◆ What this task involves ◆
For this exercise, return all the data word for word, with images left out.

◆ Information provided ◆
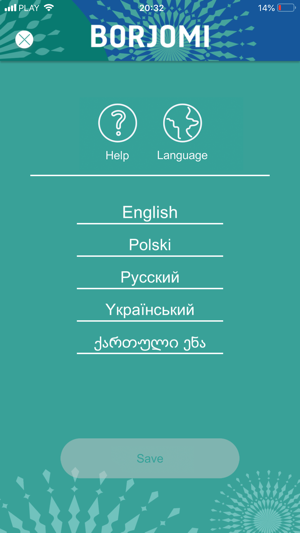 Borjomi AR(圖4)-速報App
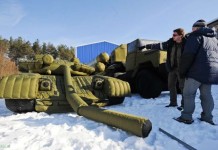Военный юмор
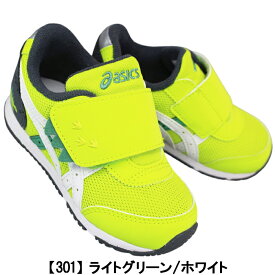 アシックス スクスク ベビーシューズ アイダホ BABY KT-ES D21144A392 ブルー オレンジ ライトグリーン 13cm〜16cm ベビー キッズ シューズ スニーカー 子供靴 運動靴 赤ちゃん靴 通園靴 夜間安全 反射材 抗菌 消臭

◆ Result ◆
 Borjomi AR(圖4)-速報App
Военный юмор
 アシックス スクスク ベビーシューズ アイダホ BABY KT-ES D21144A392 ブルー オレンジ ライトグリーン 13cm〜16cm ベビー キッズ シューズ スニーカー 子供靴 運動靴 赤ちゃん靴 通園靴 夜間安全 反射材 抗菌 消臭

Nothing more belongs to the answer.